La coordonnatrice de l'organisation de Dacca ayant pour but de promouvoir l'émancipation des femmes, le Naripokkho, ajoute :
[traduction]
[qu']un certificat de divorce est une attestation de divorce. Un avis est donné quand l'un des conjoints a l'intention de divorcer. S'il n'y a pas réconciliation, le divorce sera prononcé au terme de l'iddat - période qui commence à la date où l'avis a été donné ou reçu (d'habitude, la durée de l'iddat correspond à 3 cycles menstruels) (25 nov. 1999).

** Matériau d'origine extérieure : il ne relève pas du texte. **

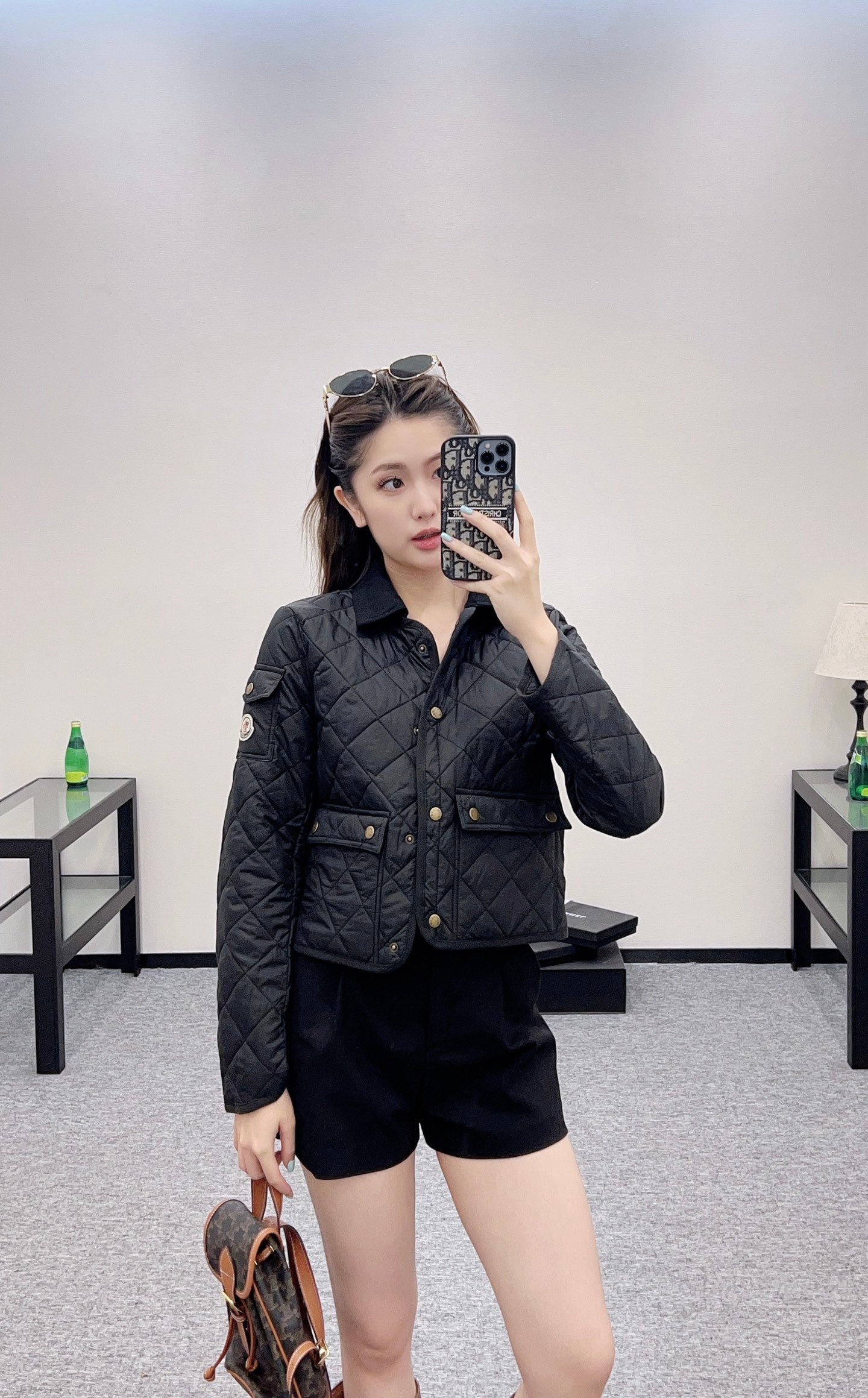 2025 Autumn New Arrival Diamond Lapel Down Cotton Jacket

La coordonnatrice du Naripokkho déclare que la procédure à suivre et le délai établi pour obtenir un divorce :
[traduction]
varient selon la personne qui demande le divorce. En effet, les hommes peuvent divorcer assez aisément en donnant un avis puis en attendant une période de trois mois (l'iddat) durant laquelle des efforts de réconciliation peuvent être entrepris par la famille, par le cadi ou encore par l'administration municipale si les époux habitent en milieu urbain, ou par le président de l'union si les époux habitent en milieu rural. Durant la période de l'iddat, l'époux est tenu de subvenir aux besoins de sa conjointe.
Les femmes peuvent procéder de la même façon à condition d'avoir obtenu le droit de divorcer au moment de leur mariage. Pour celles à qui leur époux n'a pas accordé ce pouvoir, la procédure est assez longue et complexe. Si le mariage n'a pas été enregistré, cela complique encore les choses, car il faut d'abord obtenir un certificat de mariage indiquant le nom des témoins et le montant qui a été fixé pour la dot (mahr) (25 nov. 1999).
Le coordonnateur de la défense des intérêts du mouvement ASK a fourni les renseignements suivants sur la procédure à suivre en cas de divorce :
[traduction]
tout d'abord, dans le cas d'un mariage musulman au Bangladesh, le jugement relatif au divorce (talaq) est assujetti à l'Ordonnance de 1961 relative à la loi familiale musulmane (Muslim Family Laws Ordinance ? MFLO) et le déroulement de la procédure de divorce est assujetti à l'Ordonnance de 1985 sur les tribunaux de la famille (Family Courts Ordinance).
Un mariage musulman peut être dissout de différentes façons : à la demande de l'époux, à la demande de l'épouse, par consentement mutuel ou par un jugement d'un tribunal. À l'article 7 de la MFLO, il est stipulé ce qui suit :
« (1) Tout homme qui souhaite divorcer doit, dès que possible après qu'un talaq a été prononcé, informer le président, par écrit, du jugement qui a été rendu et remettre une copie de cet avis à son épouse.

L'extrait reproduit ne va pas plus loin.